Provided material:

------------

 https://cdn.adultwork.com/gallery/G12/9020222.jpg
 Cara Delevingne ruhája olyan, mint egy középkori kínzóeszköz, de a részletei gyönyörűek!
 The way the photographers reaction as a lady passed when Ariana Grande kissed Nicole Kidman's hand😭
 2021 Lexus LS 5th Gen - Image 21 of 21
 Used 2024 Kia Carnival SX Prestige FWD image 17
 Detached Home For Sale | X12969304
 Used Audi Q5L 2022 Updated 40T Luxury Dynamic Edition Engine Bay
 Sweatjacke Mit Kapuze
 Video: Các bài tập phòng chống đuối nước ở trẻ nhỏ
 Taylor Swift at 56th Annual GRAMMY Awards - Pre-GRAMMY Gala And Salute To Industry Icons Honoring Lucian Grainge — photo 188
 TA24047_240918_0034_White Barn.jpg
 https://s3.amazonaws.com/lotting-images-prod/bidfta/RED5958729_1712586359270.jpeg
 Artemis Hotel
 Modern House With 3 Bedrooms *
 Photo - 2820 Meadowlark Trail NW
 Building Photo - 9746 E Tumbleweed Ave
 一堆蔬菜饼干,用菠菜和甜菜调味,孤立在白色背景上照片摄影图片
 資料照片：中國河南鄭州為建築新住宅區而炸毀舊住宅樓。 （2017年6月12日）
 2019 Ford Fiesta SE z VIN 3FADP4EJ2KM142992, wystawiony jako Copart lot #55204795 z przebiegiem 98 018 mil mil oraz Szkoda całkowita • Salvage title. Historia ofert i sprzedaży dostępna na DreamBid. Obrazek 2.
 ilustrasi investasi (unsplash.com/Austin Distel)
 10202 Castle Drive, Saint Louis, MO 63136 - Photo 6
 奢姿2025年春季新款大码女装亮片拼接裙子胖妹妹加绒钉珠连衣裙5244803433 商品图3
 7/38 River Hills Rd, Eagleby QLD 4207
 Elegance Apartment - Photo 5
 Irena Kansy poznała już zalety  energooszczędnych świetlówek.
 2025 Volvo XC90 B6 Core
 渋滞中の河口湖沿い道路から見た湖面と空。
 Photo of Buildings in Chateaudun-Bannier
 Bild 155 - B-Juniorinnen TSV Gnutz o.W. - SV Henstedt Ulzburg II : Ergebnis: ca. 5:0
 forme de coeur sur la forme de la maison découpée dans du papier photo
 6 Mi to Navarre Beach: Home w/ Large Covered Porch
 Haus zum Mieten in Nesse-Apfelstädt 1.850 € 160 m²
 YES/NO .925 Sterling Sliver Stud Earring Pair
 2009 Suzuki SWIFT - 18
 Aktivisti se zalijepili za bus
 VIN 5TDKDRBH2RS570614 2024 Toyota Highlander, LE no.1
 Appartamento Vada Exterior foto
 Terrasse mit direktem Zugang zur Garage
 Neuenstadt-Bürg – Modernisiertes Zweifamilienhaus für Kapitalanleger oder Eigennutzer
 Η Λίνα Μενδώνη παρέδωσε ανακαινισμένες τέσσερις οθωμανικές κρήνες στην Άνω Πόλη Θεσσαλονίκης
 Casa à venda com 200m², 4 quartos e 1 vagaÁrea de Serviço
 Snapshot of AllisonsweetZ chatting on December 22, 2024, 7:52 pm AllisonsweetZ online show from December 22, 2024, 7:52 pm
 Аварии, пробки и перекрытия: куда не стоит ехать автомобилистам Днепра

------------

Required action: Extract from the records above the lines from the one containing "2009 Suzuki SWIFT - 18" to the one containing "Η Λίνα Μενδώνη", both lines included, exactly as they appear and with nothing else.

Solution below:
 2009 Suzuki SWIFT - 18
 Aktivisti se zalijepili za bus
 VIN 5TDKDRBH2RS570614 2024 Toyota Highlander, LE no.1
 Appartamento Vada Exterior foto
 Terrasse mit direktem Zugang zur Garage
 Neuenstadt-Bürg – Modernisiertes Zweifamilienhaus für Kapitalanleger oder Eigennutzer
 Η Λίνα Μενδώνη παρέδωσε ανακαινισμένες τέσσερις οθωμανικές κρήνες στην Άνω Πόλη Θεσσαλονίκης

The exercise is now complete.